The first thing to note from the figure is that the estimates are quite volatile.  For some banks the measure ranges from negative to positive $150 billion.  Also, these results are “smoothed,” which means that the estimates vary even more in the underlying data and the researchers have averaged the results to suppress the amount of variability in the results.  The volatility in the results likely owes to the heavy reliance on financial market values.  In reality, it seems doubtful that systemic climate related financial risk varies so much as it should be related to the fundamental risk and business profile of a bank.  The variability in these (smoothed) results clearly communicates the noisy and early-stage nature of the climate risk measure.

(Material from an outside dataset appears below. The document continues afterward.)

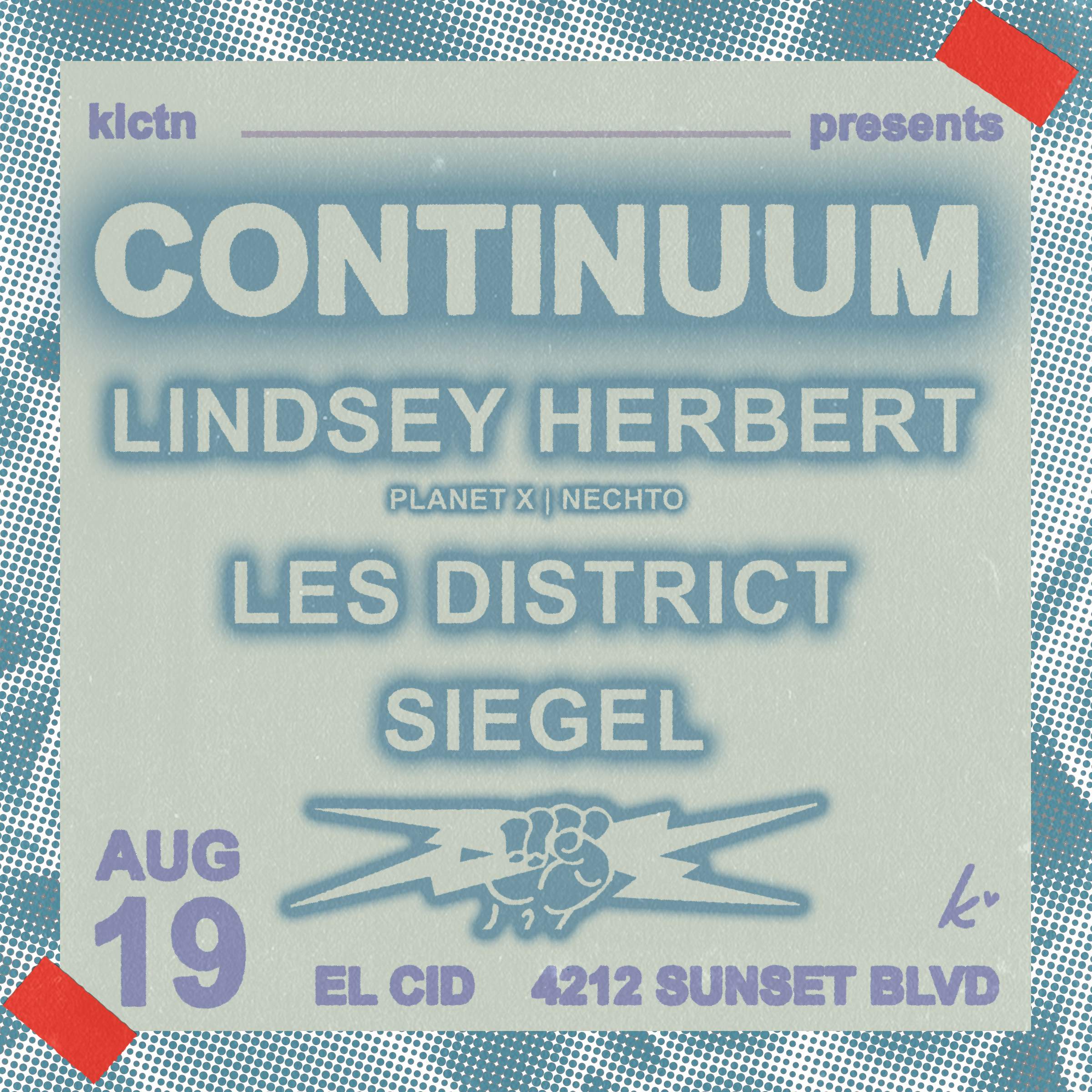 Continuum (Lindsey Herbert, Les District, Siegel) - Flyer front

It is also interesting to note that for all the banks above, the estimated climate risk is often close to zero and more often negative than positive.  This means that, according to the analysis, a bank would often experience a rise in its equity value in the event that the hypothetical climate risk event were realized.  This finding should also convey the complexity associated with trying to measure systemic climate risks with available data.  Some have noted that the estimated level of CRISK for some banks in 2020 is elevated.  It is simply not appropriate to evaluate the estimated CRISK measure in 2020 without taking into account the large degree of variability in CRISK over the entire sample period.  The broader frame puts the 2020 estimates into appropriate context as being the product of early-stage academic research.

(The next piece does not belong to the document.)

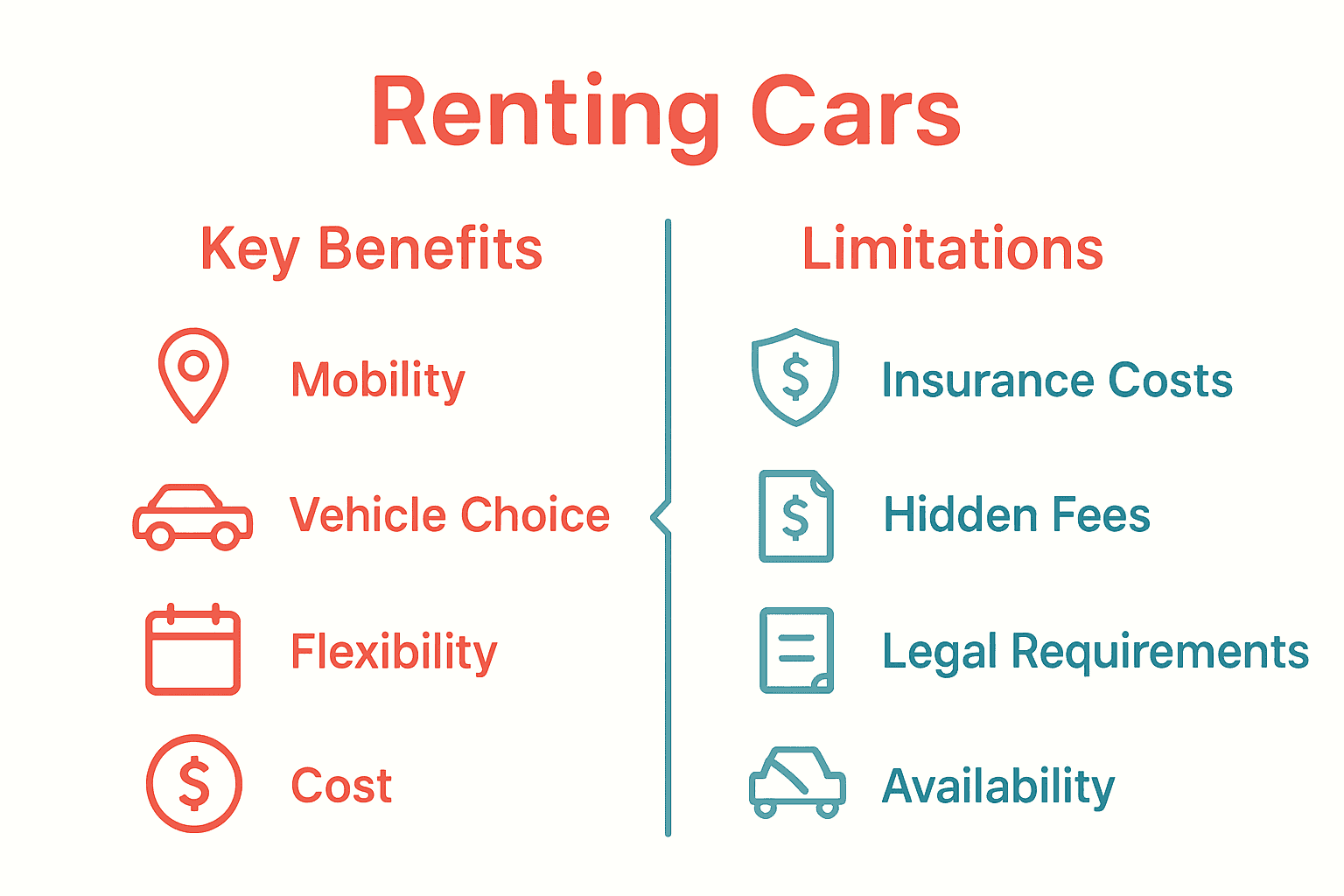 Infographic showing side-by-side benefits and limitations of car rentals.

Finally, the fact that the estimated CRISK is often negative and fluctuates from negative to positive over the sample period may hold some lessons on the nature of climate risk in the banking sector.  Banks are intermediaries; as suchthey may be well positioned to benefit from transition risk as they channel resources to those industries that are adapting to a low-carbon economy.  Banks’ fundamental role as intermediaries may actually work to limit their overall climate-related financial risk.    

Conclusion

All good research raises more questions than it answers.  The present paper does that by rigorously exploring an important economic question.  Measuring systemic, climate-related financial risk is important and should receive more attention.  Putting quantitative discipline on the problem will, over the long haul, improve our understanding of climate risk and its economic impact.  At the same time, we must recognize that we are at the earliest stages of understanding — let alone measuring — climate-related financial risks.  Estimates of climate risk from this and related research should not be taken as an accurate or incontrovertible measure of climate-related financial risk.  The available data and methods are too new, untested, and imperfect. We should continue to learn from this research while at the same time underscoring the significant conceptual and measurement challenges that remain.